In this notebook, the goal is to build a crawler that crawls the given seed url. <br>
Data that are scrapped is stored in a database as <i>database.csv</i> in the same working directory.<br><br>
seed_url = https://pureportal.coventry.ac.uk/en/organisations/centre-global-learning

# Import Required Libraries

In [1]:
from bs4 import BeautifulSoup
import requests
import math
import re
import os
import pandas as pd
import schedule
import time
import datetime

# Check the robots.txt file.

In [2]:
robots_text_page = requests.get("https://pureportal.coventry.ac.uk/en/robots.txt")
print(robots_text_page.text)

User-Agent: *
Crawl-Delay: 5
Disallow: /*?*format=rss
Disallow: /*?*export=xls
Sitemap: https://pureportal.coventry.ac.uk/sitemap.xml


We need to delay the crawler for 5 seconds after each crawl.

# Create some helper functions.

### Find total number of pages to crawl

In [3]:
def findTotalPages():
    """
    This function finds the total number of pages to crawl.
    """
    total_research = soup.select_one(".count").get_text()  # gives string
    total_research = int(''.join(filter(str.isdigit, total_research)))  # convert to int

    total_pages = math.ceil(total_research / 50)  # since 50 results in one page
    return total_pages

###### Demonstration

In [4]:
seed_url = "https://pureportal.coventry.ac.uk/en/organisations/centre-global-learning"
page = requests.get(seed_url)
soup = BeautifulSoup(page.text, "html.parser")
findTotalPages()

6

### Create list of urls to crawl

In [5]:
def getPageUrls():
    """
    This function creates the list of urls to crawl.
    """
    total_pages = findTotalPages()
    urls = [(seed_url + "/publications/?page=" + str(page)) for page in range(0, total_pages)]
    return urls

###### Demonstration

In [6]:
getPageUrls()

['https://pureportal.coventry.ac.uk/en/organisations/centre-global-learning/publications/?page=0',
 'https://pureportal.coventry.ac.uk/en/organisations/centre-global-learning/publications/?page=1',
 'https://pureportal.coventry.ac.uk/en/organisations/centre-global-learning/publications/?page=2',
 'https://pureportal.coventry.ac.uk/en/organisations/centre-global-learning/publications/?page=3',
 'https://pureportal.coventry.ac.uk/en/organisations/centre-global-learning/publications/?page=4',
 'https://pureportal.coventry.ac.uk/en/organisations/centre-global-learning/publications/?page=5']

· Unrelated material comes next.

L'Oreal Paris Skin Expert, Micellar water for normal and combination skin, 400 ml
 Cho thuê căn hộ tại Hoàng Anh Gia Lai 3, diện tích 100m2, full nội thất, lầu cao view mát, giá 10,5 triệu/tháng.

### Create list of CGL profiles

In [7]:
def CGLprofiles():
    """
    This function creates a list of profiles on CGL.
    """
    profiles_link = seed_url + "/persons"
    profile_page = requests.get(profiles_link)
    soup3 = BeautifulSoup(profile_page.text, "html.parser")

    persons_list = soup3.find_all("a", class_="link person")
    profiles = []
    for person in persons_list:
        profiles.append(person.get_text())
    return profiles

###### Demonstration

In [8]:
profiles = CGLprofiles()
profiles

['Sian Alsop',
 'Dimitar Angelov',
 'Rami Ayoubi',
 'Ema Baukaite',
 'Julia Carroll',
 'Jacqueline Cawston',
 'Megan Crawford',
 'QueAnh Dang',
 'Alun DeWinter',
 'Ken Fero',
 'Mark Hodds',
 'Sylwia Holmes',
 'Elizabeth Horton',
 'Jaya Jacobo',
 'Emmanuel Johnson',
 'Mehmet Karakus',
 'Luca Morini',
 'Marina Orsini-Jones',
 'Charlotte Price',
 'Steve Raven',
 'Carlo Tramontano',
 'Katherine Wimpenny']

### Create or update the database

In [9]:
def updateDB():
    """
    This function updates the database.
    If no database exists, it creates one.
    If database already exists, it removes the duplicates.
    """
    if not os.path.isfile('database.csv'):
        database = pd.DataFrame(columns=['Title', 'Authors', 'Date', 'Publication_Link'])
        database.to_csv('database.csv', index=False)
    else:
        database = pd.read_csv("database.csv")
        database = database.drop_duplicates()
        database.to_csv('database.csv', index=False)

# Crawler Function

In [10]:
def crawler():
    """
    This is the main crawler.
    It crawls the seed url and stores the Title, Authors, Date and Publication Link
    in a database.
    It checks if the author is from CGL, and only stores the data if at least one of
    the authors has profile on CGL.
    It also counts the total number of publications crawled, total CGL publications,
    and non CGL publications.
    """
    url_list = getPageUrls()
    updateDB()

    count = 0
    count_cgl = 0
    count_non_cgl = 0

    while (url_list != []):
        url = url_list.pop(0)
        page = requests.get(url)
        soup = BeautifulSoup(page.text, 'html.parser')
        publications = soup.find_all('div', class_='result-container')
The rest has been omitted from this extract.